Мои песни — это мои дети. Кто-то остается со мной, кого-то я должен отправить на войну.
Когда-то MTV безжалостно и бессмысленно кастрировало видео «Параноид Андроид». Они убрали с сисек все соски, а вот сцена, где чувак отрезал себе руки и ноги, почему-то не произвела на них никакого впечатления.
Эти хряки не позволили нам выступить на «Грэмми», потому что им показалось, что мы плохо скажемся на их рейтинге. А мы были так счастливы, когда это услышали.
Многие тратят уйму времени на то, чтобы быть вежливым. А я просто сру на это.
Знаете, я могу страшно нажраться и торчать в каком-нибудь клубе в понедельничную ночь, и тут ко мне подойдет какой-то чувак, который купит мне выпивку и скажет, что моя последняя песня изменила его жизнь. А это что-то значит, поверьте.
Если я когда-нибудь услышу, что люди собираются сжигать мои записи, я сам принесу им все, что у меня есть.
Мне кажется, что у меня есть ответственность — ответственность за то, чтобы забавлять тех, кто на меня смотрит.
Существует тонкая линия между тем, чтобы создать что-то по-настоящему сильное и эмоциональное, и тем, чтобы превратиться в никчемного идиота, испытывающего к себе жалость и при этом играющего рок стадионного масштаба.
Основной смысл создания музыки заключается в том, чтобы дать голос вещам, которые его никогда не имели.
Знаете, если вам скучно слушать музыку, значит, вам скучно слушать музыку. Поделать тут нечего.
Считайте меня луддитом (луддиты — английские рабочие, уничтожавшие в начале XIX века новые станки, в которых они видели угрозу своему труду и заработку. — Esquire). Мне не нужен айтюнс, мне нужны пластинки. Я все еще хочу обладать вещами физически.
Мы живем во времена глобальных изменений в мировом климате и целой кучи других фундаментальных перемен, которые так или иначе затрагивают каждого из нас. Одновременно с этим мы слушаем самое отчаянное дерьмо по радио и смотрим на ублюдочных знаменитостей, произносящих милую ублюдочную чушь. Слушая их и смотря на них, мы изо всех сил пытаемся забыть о том, что происходит вокруг нас, и, наверное, это ништяк, но что касается меня, я ни о чем забыть не могу.
Я делаю недостаточно много. У меня нет дома солнечных батарей, я нерационально использую отопление, моя тачка — не «приус» (гибридный автомобиль марки «тойота». — Esquire), я постоянно летаю гребаными самолетами — потому что такова моя работа. Работа, которую я себе выбрал, — это работа, которая просирает энергию направо и налево. И это безумие.
Тот день, когда нам больше не нужно будет садиться в машины, будет очень хорошим днем.
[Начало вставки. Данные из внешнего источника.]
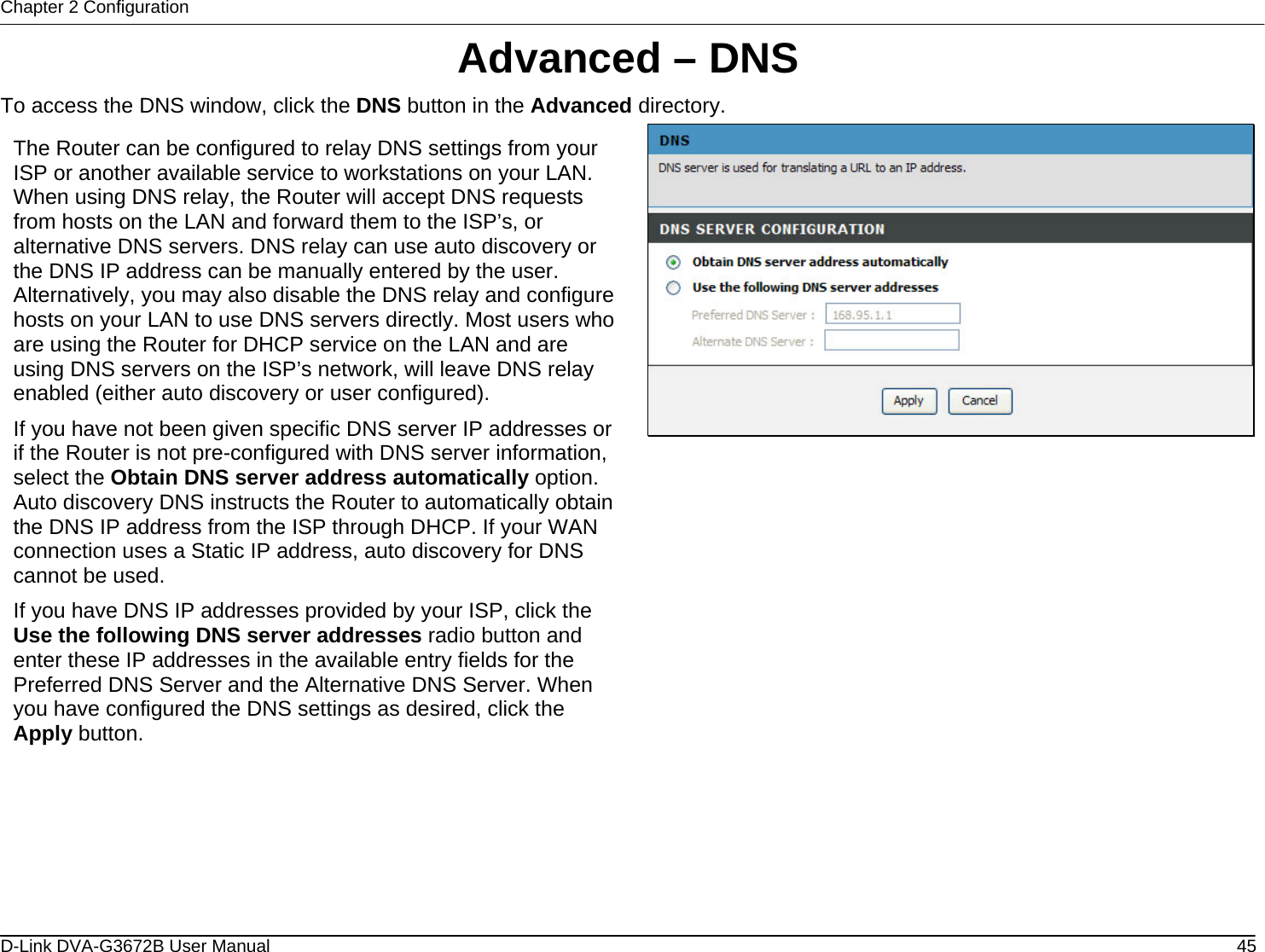 Chapter 2 Configuration Advanced – DNS To access the DNS window, click the DNS button in the Advanced directory.  The Router can be configured to relay DNS settings from your ISP or another available service to workstations on your LAN. When using DNS relay, the Router will accept DNS requests from hosts on the LAN and forward them to the ISP’s, or alternative DNS servers. DNS relay can use auto discovery or the DNS IP address can be manually entered by the user. Alternatively, you may also disable the DNS relay and configure hosts on your LAN to use DNS servers directly. Most users who are using the Router for DHCP service on the LAN and are using DNS servers on the ISP’s network, will leave DNS relay enabled (either auto discovery or user configured). If you have not been given specific DNS server IP addresses or if the Router is not pre-configured with DNS server information, select the Obtain DNS server address automatically option. Auto discovery DNS instructs the Router to automatically obtain the DNS IP address from the ISP through DHCP. If your WAN connection uses a Static IP address, auto discovery for DNS cannot be used. If you have DNS IP addresses provided by your ISP, click the Use the following DNS server addresses radio button and enter these IP addresses in the available entry fields for the Preferred DNS Server and the Alternative DNS Server. When you have configured the DNS settings as desired, click the Apply button.                     D-Link DVA-G3672B User Manual  45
Мой сын всерьез увлекается дикой природой. И каждый раз, когда он рисует белого медведя, я говорю ему, что в тот день, когда он достигнет моего сегодняшнего возраста, белых медведей, скорее всего, уже не останется.
Горечь таблетки редко указывает на силу ее эффекта.
Иногда мне кажется, что вся благотворительность сводится к вытиранию крови с больничного пола, и это, конечно, позор.
Кто-то должен говорить вам правду. Но это не моя работа.
Кажется, мне нужно было родиться мертвым.
Иногда лучшее, что ты можешь сделать с гитарой, — это просто разглядывать ее.